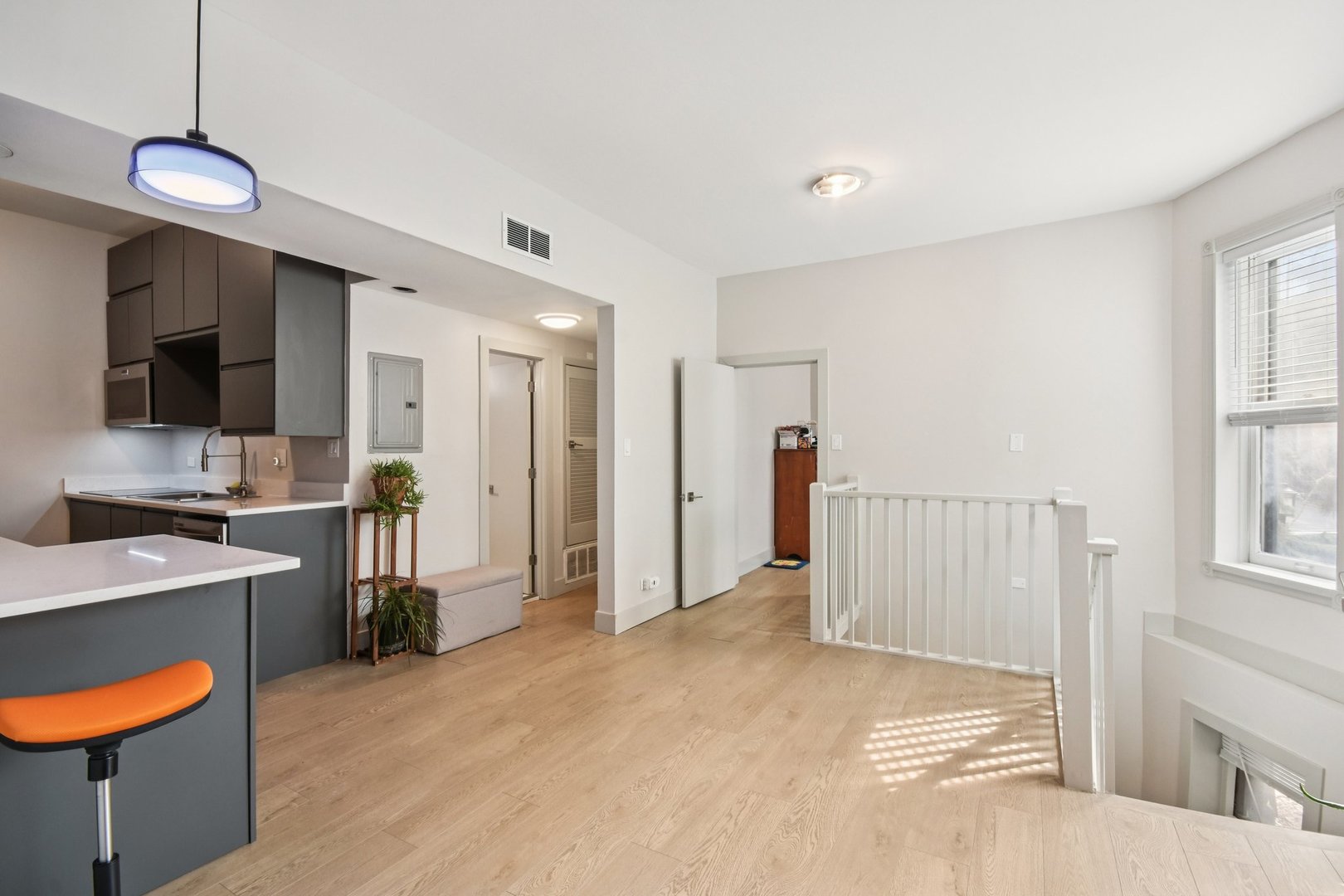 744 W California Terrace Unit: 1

■ ■ ■

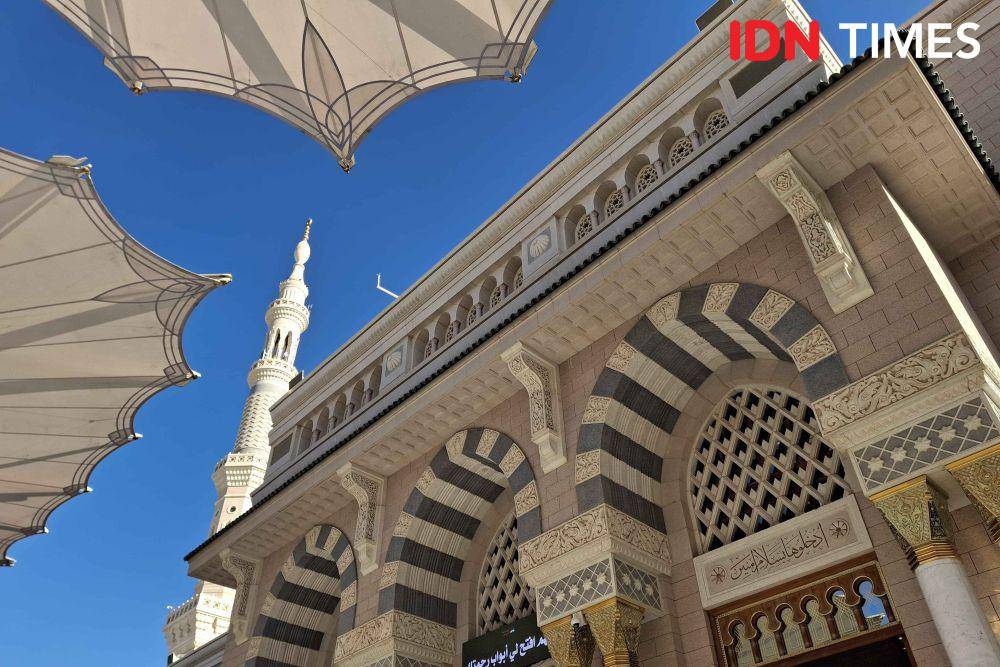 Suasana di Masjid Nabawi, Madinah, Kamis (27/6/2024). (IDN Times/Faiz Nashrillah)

■ ■ ■

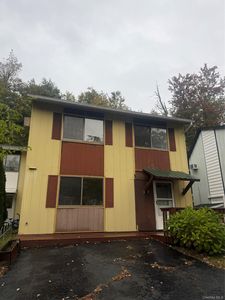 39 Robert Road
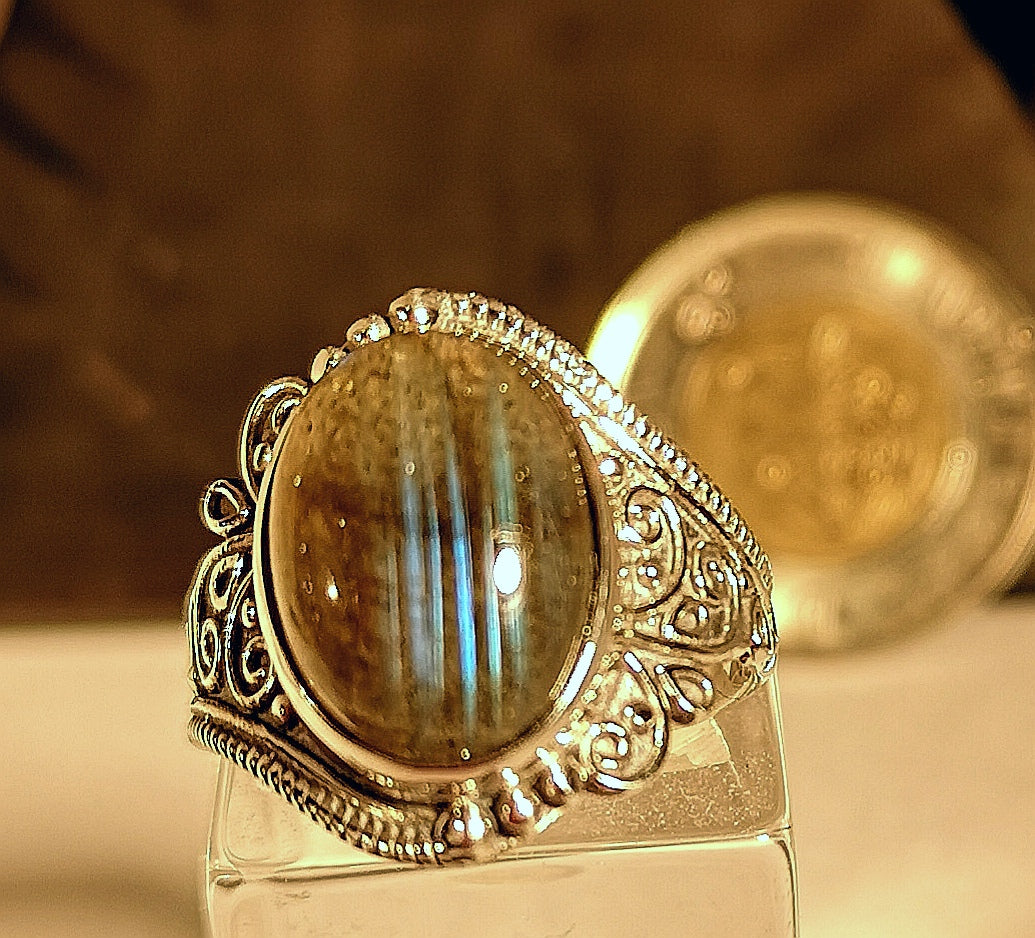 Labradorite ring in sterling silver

■ ■ ■

WORK TO COMPLETE: Give back exactly the lines above from the one with "39 Robert Road" through the one with "Labradorite ring in sterling silver", both included. Pictures don't belong in the copy.

EXERCISE ANSWER:
 39 Robert Road
 Labradorite ring in sterling silver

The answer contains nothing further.